To properly assess that purpose, it is imperative for you to fully understand the results of the research undertaken by CanmetMINING and a study completed for us by China Railway First Survey & Design Institute Group (FSDI) relating to the economics of constructing and operating a railroad line on our claims from Nakina to the Ring of Fire in connection with development of chromite mines in the Ring of Fire.

The prospect for the development of these mines will provide for you important parts to an understanding of the global economic context of the rationale for Ontario providing the Webequie First Nation with a road to them, and the Marten Falls First Nation with bridges across the Ogoki and Albany Rivers for a road link south to Ontario's transportation network, in addition to the ostensible utility for the inhabitants of those communities.

That context is absent from the material filed to date.

Without that holistic context, your consideration of the Project is missing a significant and substantive reason, not being completely informed of an ultimate goal of these disparate and uncoordinated activities that may appear otherwise to be economically unsound but, with that holistic context, have a sound economic basis.

That substantive reason should absolutely command your consideration of the Project, in our view.

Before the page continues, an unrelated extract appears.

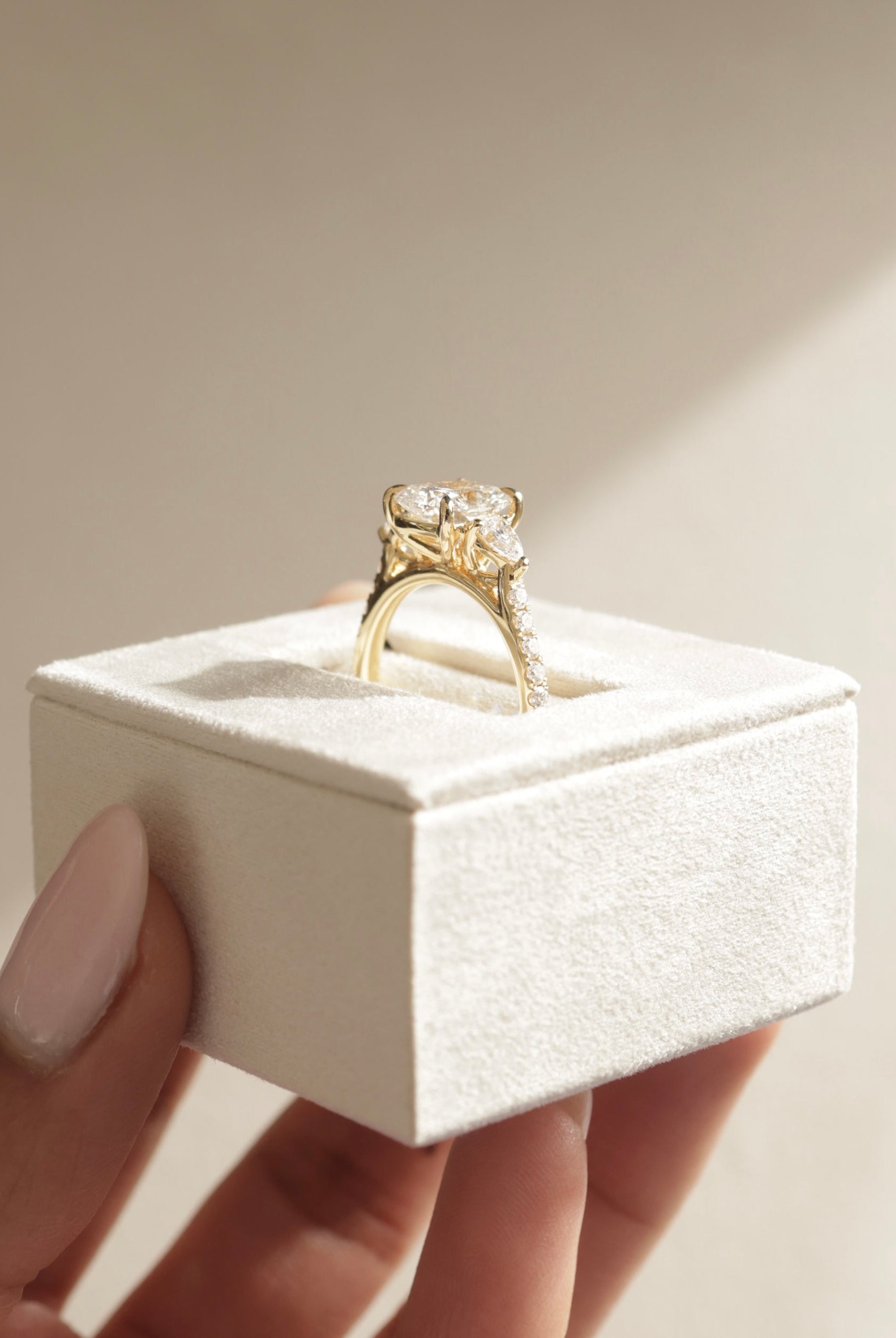 Elegant Three Stone Elongated Cushion Cut Ring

That substantive reason is that Canada has been demonstrated to host in the Ring of Fire in northern Ontario an extremely high-grade and very thick chromite mineral occurrence of historic proportions which may be beneficiated to supply ferrochrome to a global market for many, many years, even generations and, with our country's wealth of natural gas, be able to do so at a tremendous cost advantage. Only your agency can properly weigh the profound economic imperative that these national endowments may visit on the global order for the benefit of many generations. Only your agency can rationally balance that international strategic currency of our land and people in considering the effect of its exploitation on its locale's society and biosphere.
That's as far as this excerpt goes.